Um jogador de Mage, portanto, estará no papel de um mago das Tradições, tentando livrar o mundo da Tecnocracia, enquanto usa sua magia sem ser pego por ela nem destruído pelo Paradoxo. É uma vida de fuga e sofrimento, mas alguns acham que a habilidade de moldar a realidade compensa.

Em termos de jogo, a magia está dividida em nove Esferas, cada uma para um aspecto da realidade: Correspondência, Entropia, Espírito, Forças, Matéria, Mente, Tempo, Vida e a energia do Primórdio, a própria energia da magia. O que um mago pode ou não fazer depende de seu "nível" em determinadas Esferas. Evidentemente, no início do jogo, um personagem poderá fazer muito pouca coisa, mas, combinando os níveis corretos nas Esferas adequadas, qualquer efeito é possível.

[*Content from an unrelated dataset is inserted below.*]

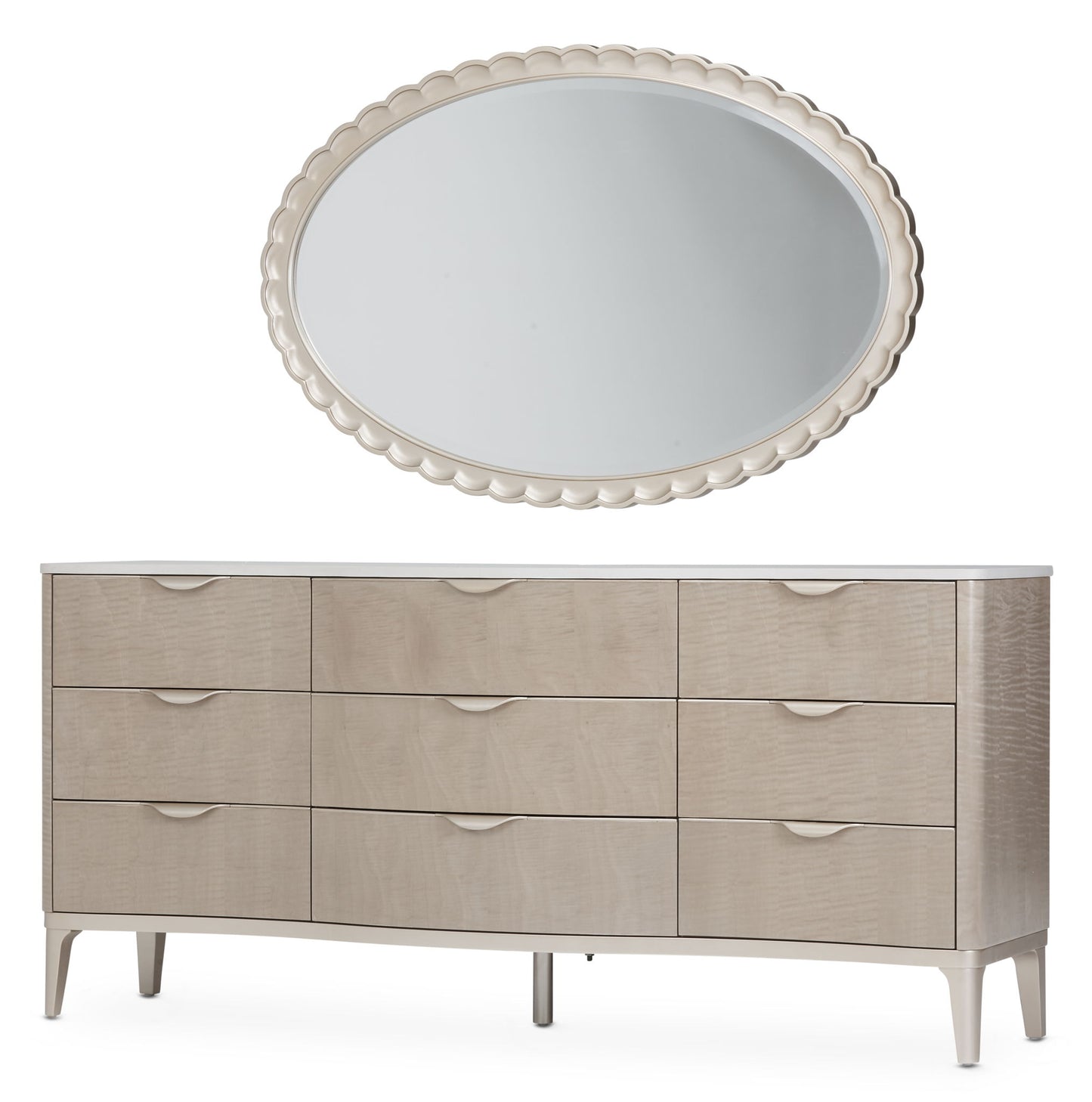 Malibu Crest - Dresser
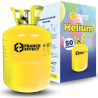 Bouteille d'hélium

Mas a Tecnocracia e o Paradoxo não são as únicas fontes de preocupação para um mago. Existem ainda os Nefandi, magos infernalistas que venderam sua alma em troca de mais poder, e os Marauders (que foram traduzidos para "Desauridos", um termo que eu me recuso a usar), magos loucos que não sofrem os efeitos do Paradoxo, não importa o quão mirabolantes sejam seus efeitos. E não podemos esquecer os vampiros, lobisomens, espíritos, e todo o tipo de criaturta sobrenatural, que no Mundo das Trevas andam pela rua como se isto fosse normal e corriqueiro.

E, como se isso tudo já não bastasse, ainda há um problema bem maior: A magia esté morrendo. O paradigma se tornou tão forte, que até mesmo a Tecnocracia está tendo problemas para superá-lo. Avanços científicos, como a clonagem e os transgênicos, estão sendo rejeitados pela população, ao invés de aceitos e incorporados à realidade, como ocorria no passado. As Tradições estão fragmentadas, reduzidas em seu poder, e é pouco provável que um dia consigam abrir os olhos de todos, para que o povo aceite a magia como parte de suas vidas. Magia, hoje em dia, é artigo em extinção.

Como se vê, é uma história muito bem inventada, que eu desconfio tenha influenciado até mesmo os irmãos Wachovsky quando estes criaram Matrix. Infelizmente, Mage possui um problema muito sério com preconceito: Jogadores dos outros títulos da White Wolf consideram os magos "poderosos demais" se comparados com os demais seres sobrenaturais da editora, o que absolutamente não é verdade, visto que vampiros e lobisomens não têm um Paradoxo mordendo seus calcanhares para se preocupar. Além disso, existem os problemas básicos de qualquer série escrita por vários autores, como algumas regras mirabolantes da segunda edição que foram modificadas na terceira, mas caíram nas graças de alguns jogadores, que insistem em usá-las.

Mesmo com todos estes problemas, Mage merece uma olhada mais detalhada, seja você fã de RPG ou simplesmente de ficção científica. O livro básico da terceira edição e o Guia da Tecnocracia (ambos já existentes em português) são os melhores. Por alguma razão, agora a White Wolf resolveu reformular todos os seus RPGs. Vamos ver o que eles vão fazer com este.